FMHR 堀井 今回の研修の主眼の一つは、論理的思考力と課題解決力の向上を図ることでした。その狙いも教えてください。

実務経験を通してリーダーとして成長していくものだとは思いますが、まずは基礎的なスキルとして、それらの力を身につけておくことが重要だろう、と。実践で使いこなせるレベルまでスキルを定着させられるような研修を行いたいと考えました。

FMHR 堀井 弊社FMHRにお任せいただけたのは、どのような理由だったのでしょう?

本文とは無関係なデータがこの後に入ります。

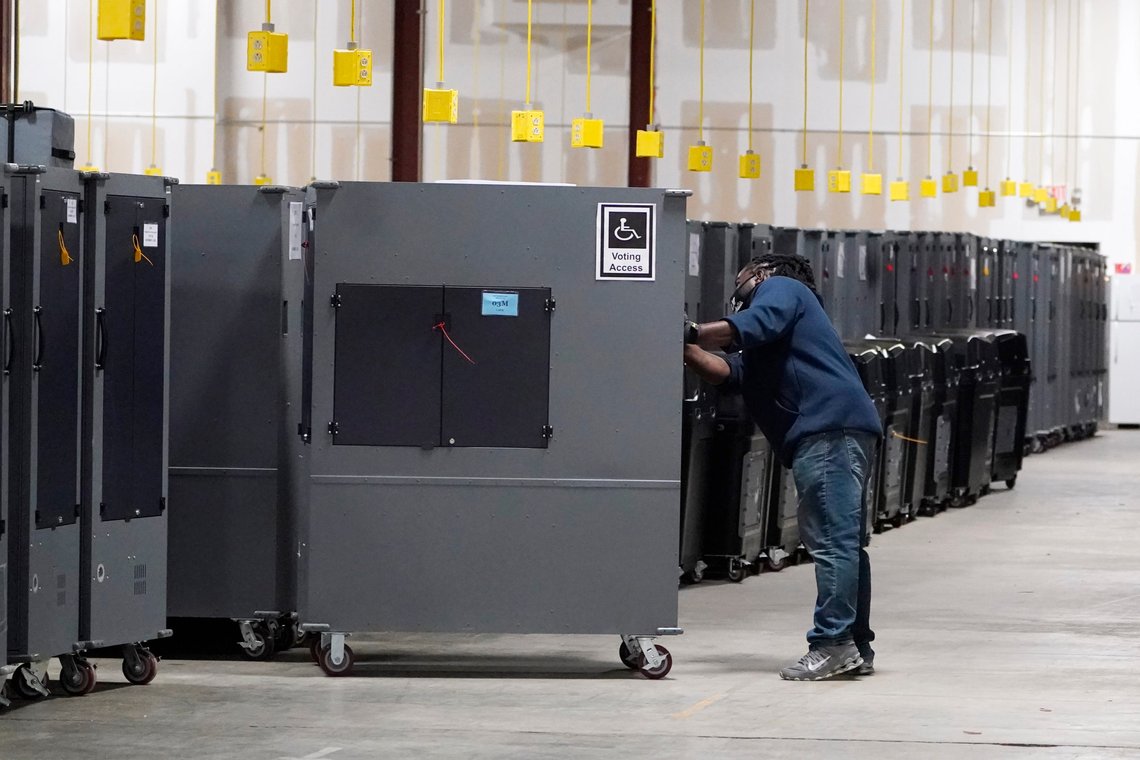 FILE - A worker returns voting machines to storage at the Fulton County Election preparation Center Wednesday, Nov. 4, 2020 in Atlanta, Ga. In an advisory sent to state election officials, and obtained by The Associated Press in advance of its expected on Friday, June 3, 2022, the nation’s leading cybersecurity agency says that electronic voting machines from a leading vendor used in at least 16 states have software vulnerabilities. The U.S. Cybersecurity and Infrastructure Agency, or CISA, said there is no evidence the flaws in the Dominion Voting Systems’ equipment have been exploited to alter election results. (AP Photo/John Bazemore, File) FILE - A worker returns voting machines to storage at the Fulton County Election preparation Center Wednesday, Nov. 4, 2020 in Atlanta, Ga. In an advisory sent to state election officials, and obtained by The Associated Press in advance of its expected on Friday, June 3, 2022, the nation’s leading cybersecurity agency says that electronic voting machines from a leading vendor used in at least 16 states have software vulnerabilities. The U.S. Cybersecurity and Infrastructure Agency, or CISA, said there is no evidence the flaws in the Dominion Voting Systems’ equipment have been exploited to alter election results. (AP Photo/John Bazemore, File)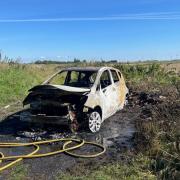 Appeal after car set on fire in the open in March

数年前に部長層向け研修のご提案をいただいていたんですよね。私たちにフィットした内容で、ぜひやりたいと考えていたのですが、ちょうど人事制度が変わる時期と重なって見送らせていただいた。そういう経緯もあり、今回は次世代リーダー層向けにあらためてお願いすることにしました。実施の決め手になったのは「研修・実務・フィードバック」がセットになっているところ。インプットだけの研修だと、せっかく学んだことが定着しないというケースがよくありますから。事後にスキルチェックサーベイを行い、成果の可視化ができるうえ、上長のコミットまで担保された設計になっている点は魅力的でしたね。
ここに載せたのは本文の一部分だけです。